Unemployment hits 50-year high

Unemployment in Australia is at a level not seen for almost 50 years in a major development just two days before the election.

Scott Morrison has entered new data showing the national unemployment rate has fallen to its lowest level in 48 years, but Anthony Albanese says people care more about the cost of living after wages only rose at a fraction of the rate of inflation.

Just two days before the election, the Australian Bureau of Statistics announced on Thursday that the unemployment rate had fallen from 4% to 3.9% in April.

This is the lowest level since 1974 and the sixth consecutive monthly gain in employment.

“In April we saw employment increase by 4,000 and unemployment drop by 11,000,” ABS head of labor statistics Bjorn Jarvis said on Thursday.

“As a result, the unemployment rate fell slightly in April, but remained stable, in rounded terms, with the revised rate of 3.9% in March.”

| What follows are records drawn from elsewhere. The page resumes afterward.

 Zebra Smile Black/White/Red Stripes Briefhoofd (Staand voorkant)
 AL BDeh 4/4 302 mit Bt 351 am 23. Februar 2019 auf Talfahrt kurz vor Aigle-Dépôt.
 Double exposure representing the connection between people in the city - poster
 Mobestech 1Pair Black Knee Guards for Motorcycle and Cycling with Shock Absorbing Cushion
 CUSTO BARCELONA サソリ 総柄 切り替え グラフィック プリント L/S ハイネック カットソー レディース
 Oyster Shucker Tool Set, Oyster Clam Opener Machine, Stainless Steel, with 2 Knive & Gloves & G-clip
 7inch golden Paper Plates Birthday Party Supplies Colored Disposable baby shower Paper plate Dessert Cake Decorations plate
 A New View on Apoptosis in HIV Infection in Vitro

Among men, the unemployment rate fell to its lowest level since October 2008, now at 4%.

For women, it remained at 3.7% for a second month, its lowest level since May 1974.

Seasonally adjusted hours worked rose 1.3% in April, following devastating flooding earlier in the year.

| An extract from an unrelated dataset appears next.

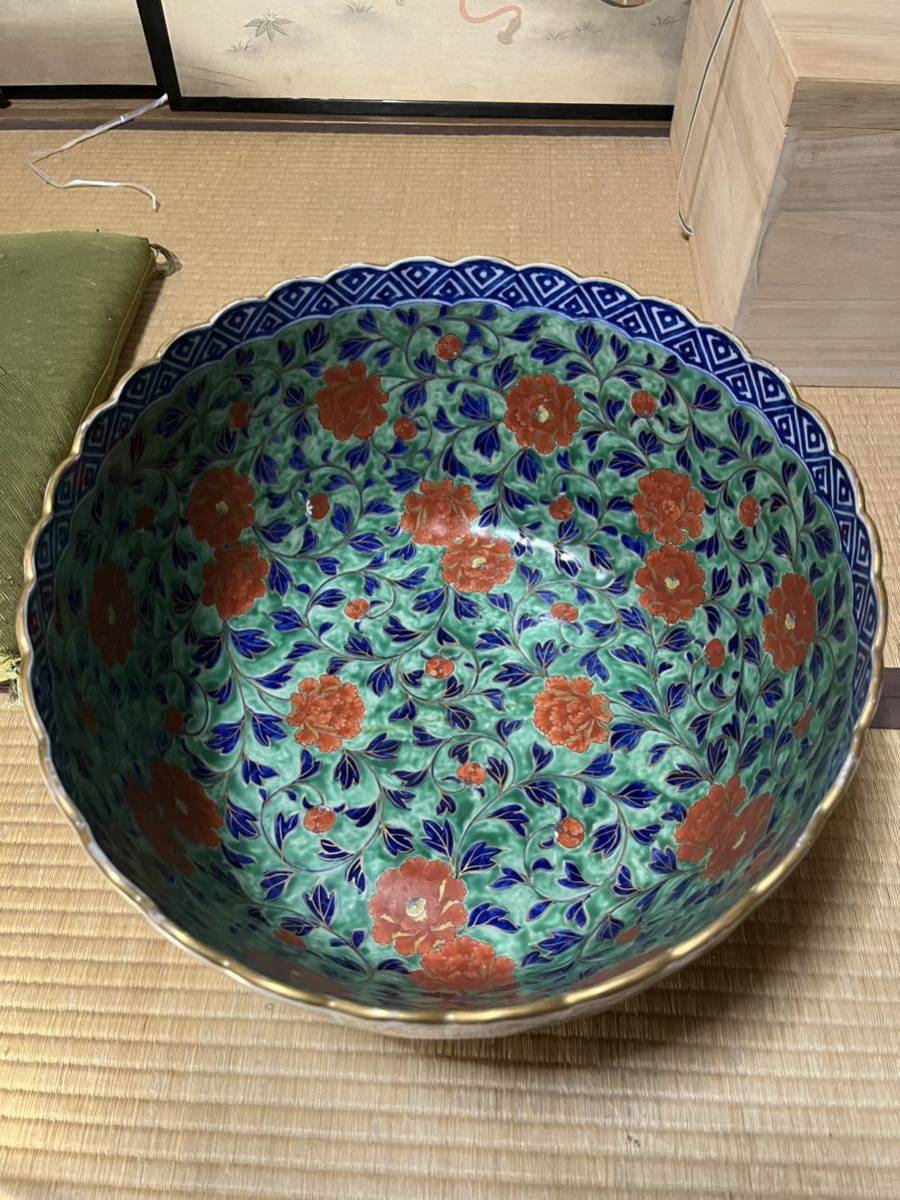 古伊万里 総色絵 特大 大鉢 49cm 江戸期 伊万里 100万円で購入してい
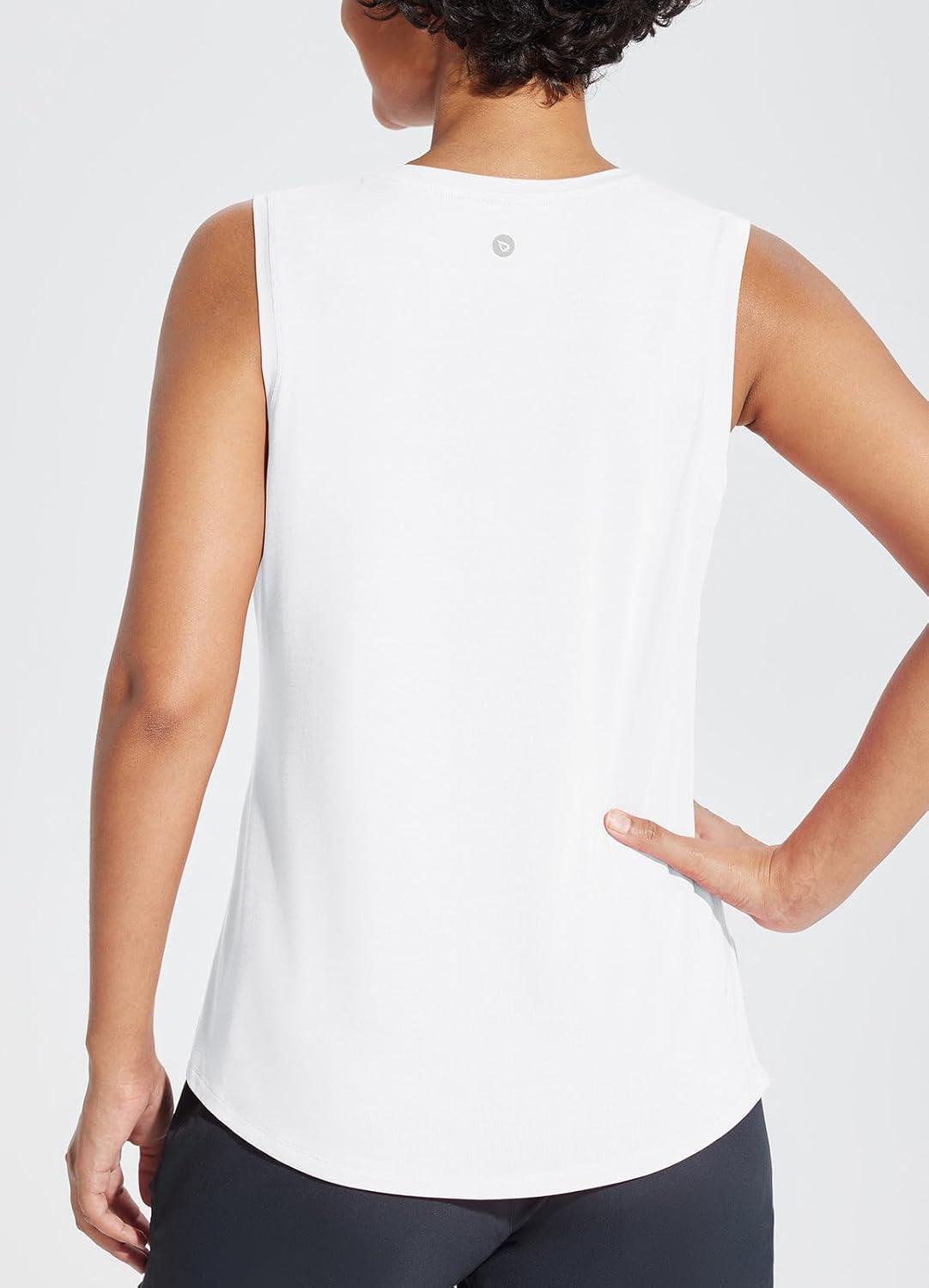 imagebaleaf Workout Tank Tops for Women Sleeveless Athletic Top Loose Fit Running Shirts High Neck Yoga Gym ClothesWhite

“Hours in New South Wales and Queensland increased in April following the impacts of flooding in March. The number of people working fewer hours than usual due to bad weather has fallen from its March peak of over 500,000 to around 70,000 people in April,” Mr Jarvis said.

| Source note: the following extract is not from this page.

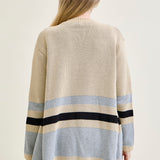 Drape Stripe Cardigan Beige Sweater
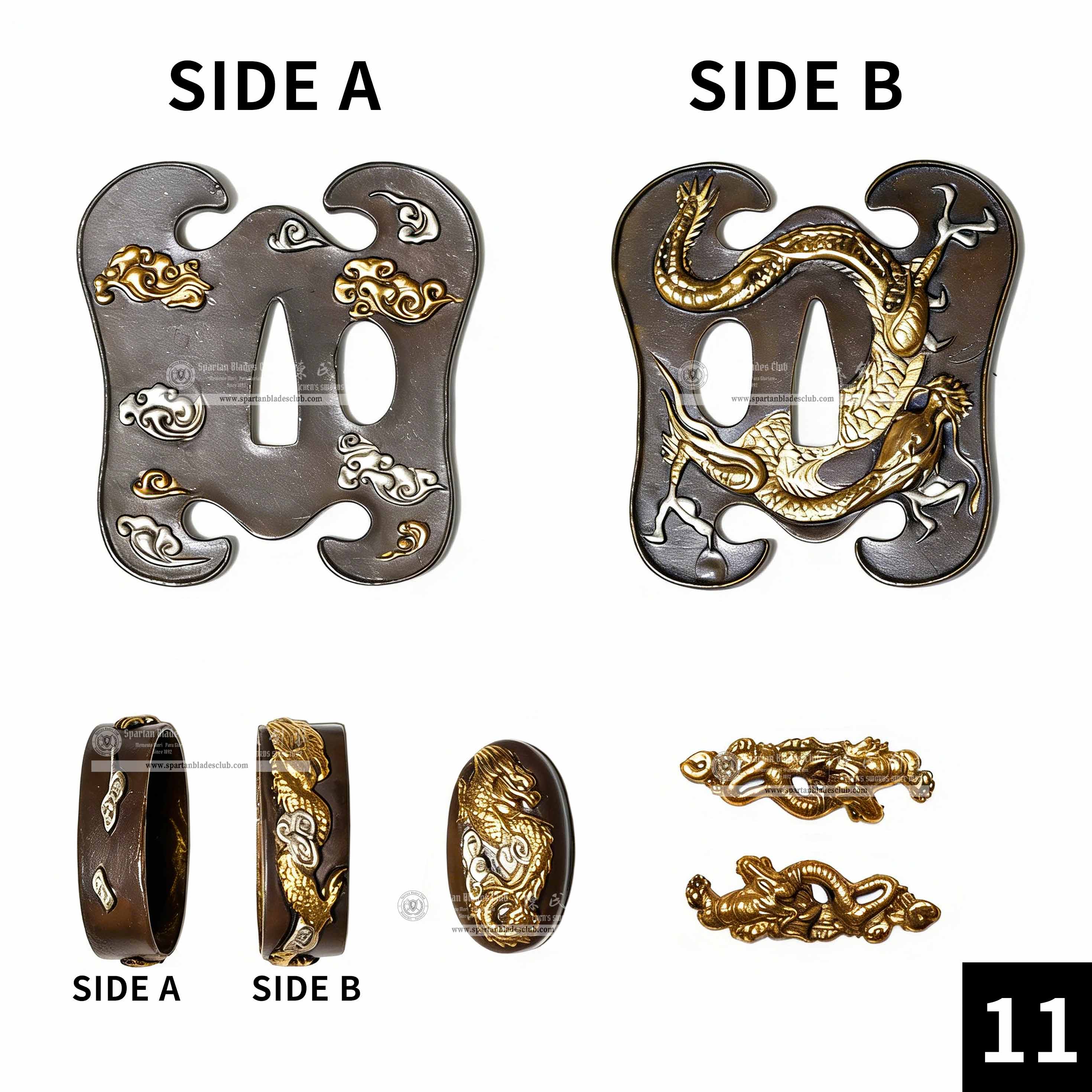 Custom Your Katana | Loong（Chinese Dragon） | Complete Set Fittings (Brass Gilded) | Spartan Blades Club | CHEN'S SWORDS 1892 - Spartan Blades Club - 陳氏劍莊1892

But Covid still impacted people’s health and their ability to go to work.

“About 740,000 people worked reduced hours in April due to illness, nearly double what we typically saw in April before the pandemic,” Jarvis said.

“Of those people, around 340,000 worked zero hours, about triple what we would usually see.”

The underemployment rate fell 0.2 percentage points to 6.1% and the underutilization rate, which combines the unemployment and underemployment rates, fell 0.3 percentage point to 10%.

Australia Institute senior economist Matt Grudnoff said the data showed more people had given up looking for work than they had found one.

“The unemployment rate is calculated based on the number of people looking for work and today’s 0.1% drop is largely in the 7,000 who gave up looking, down from the 4,000 who have found a job,” he said.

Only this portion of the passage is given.